Buah dan sayuran renyah seperti apel dan wortel membantu membersihkan gigi secara alami dan merangsang produksi air liur.
Obat kumur tanpa alkohol dapat membantu mengurangi bakteri dan menjaga napas segar tanpa menyebabkan kekeringan.
Pemeriksaan gigi memastikan masalah gigi ditangani sejak dini dan membantu Mommies dan keluarga menjaga kesehatan mulut yang baik selama bulan puasa.
BACA JUGA: Ide 8 Sahur Praktis untuk Ibu Bekerja, Anti Ribet dan Bergizi!
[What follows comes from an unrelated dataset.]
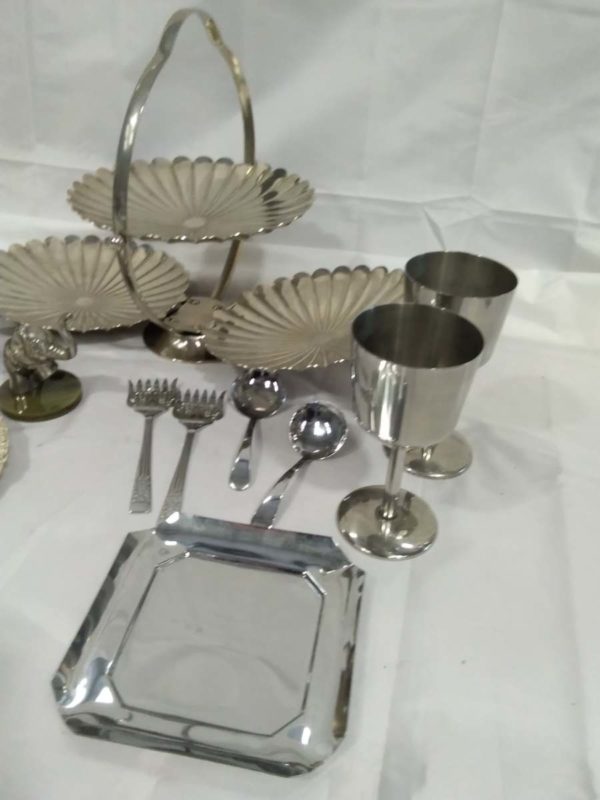 lot 221 various items of vintage metal ware - Image 4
Puasa memang dapat memengaruhi kesehatan mulut, tapi beberapa gejala tidak boleh diabaikan.
Bintik-bintik putih atau krem pada lidah, pipi bagian dalam, atau gusi dapat menandakan sariawan mulut, infeksi jamur yang disebabkan oleh pertumbuhan berlebihan jamur Candida.
Bau mulut selama puasa adalah hal yang wajar hingga batas tertentu, tetapi jika baunya tak hilang meskipun sudah menyikat gigi dan merawat mulut dengan baik, hal ini mungkin menandakan masalah yang lebih serius. Bau mulut yang persisten dapat disebabkan oleh penyakit gusi, infeksi, atau penumpukan bakteri di lidah.
Jika gusi berdarah saat menyikat gigi atau membersihkan dengan benang gigi, hal ini mungkin merupakan tanda awal gingivitis, bentuk ringan penyakit gusi yang disebabkan oleh penumpukan plak. Tanpa pengobatan, kondisi ini dapat berkembang menjadi periodontitis, kondisi yang lebih serius yang dapat merusak gusi dan tulang penyangga mulut.
Selama Ramadan, produksi air liur yang berkurang dapat membuat tenggorokan lebih rentan terhadap iritasi dan bakteri. Jika rasa sakit berlanjut selama beberapa hari atau memburuk, disarankan untuk segera ke dokter, ya.